Come and see the wolves. In Idaho, they're everywhere. Wolves are in politics, on the news, and pasted on billboards. They're on T-shirts and bumper stickers, in the comments sections, and in the wild places. The wolf is not just a wild animal in Idaho. Wolves are powerful and potent symbols. They represent fear, hate, and death. They are dualistic, paradoxical, and Janus-faced. Wolves also represent courage, love, and rejuvenation. They stalk the psyche of the Gem State and fill minds with equal amounts of hysteria and mania. I call it "wolf madness."

I've lived in Idaho my entire life. The wolf wars have been going on for as long as I can remember. They started as rumors, hearsay, and myth. Wolves were an enemy defeated long ago, but their shadow remained. People claimed there were still wolves in the highest reaches of the Idaho mountains. They were ghosts, phantoms. The immaterial wolf was something to fear. 

Wolves were in the wilds, waiting for their chance to spread. People warned wolves were coming back. Some people were ecstatic about it. The Environmentalists were bringing them back. And wolves did come back. When they returned, the rumors of war became the real thing. It's a war fought on all fronts of Idaho life. And like all wars, the wolf war is madness. 

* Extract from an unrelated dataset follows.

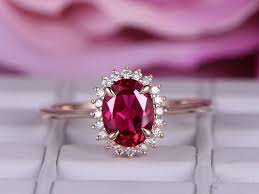 Check spelling or type a new query. 6x8mm Lab Treated Ruby Ring With Diamond In 14k Rose Gold Halo Stacking Ring Bridal Ring Oval Cut Red Birthstone Gift Fancy Diana Ring Bbbgem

Come and see how they want to treat wolves in Idaho. Some people want to run in the woods with the wolves, name them, hug them, pet them on the head, and take selfies. They want to get a howling wolf tattoo. Others want to run in the woods with the wolf, hunt them, kill them, then hug their dead carcass for a trophy photo. They want to tack a wolf pelt on their wall. 

Some want wolves to live cornered in Idaho's wildest spaces where they can be killed in human versus beast gladiatorial combat, like the venatores of ancient Rome. They want wolves to exist so they can have a worthy adversary to overcome—if they want wolves to exist at all. A few want wolves to become ghosts again. They want to kill the wolf and capture its strength, cunning, and hunting prowess.

Others want to see the Gem State's wolves run free with impunity, believing wolves should own the forest. They want wolves to become celebrities and venerated fetishes with social media accounts and followings. A few want wolves to be gods again. They want to come to the forest seeking the wise wolf's council and imbue themselves with the wolf's courage, loyalty, and strength. 

Both sides of the wolf war want to enculturate the wolf to anthropomorphize it into an image that serves a narrow purpose. They want you to believe only their version of the wolf exists. It is wolf madness.

Come and see Idaho's wolf war, where eradication, extinction, reintroduction, conservation, and management mean the same thing: control. 

Idaho's wolves run the forest, constantly pestered by human hands. One hand pets the wolf between the ears, and another has a gun to its head. For good or evil, Idaho's wolves just want to wolf.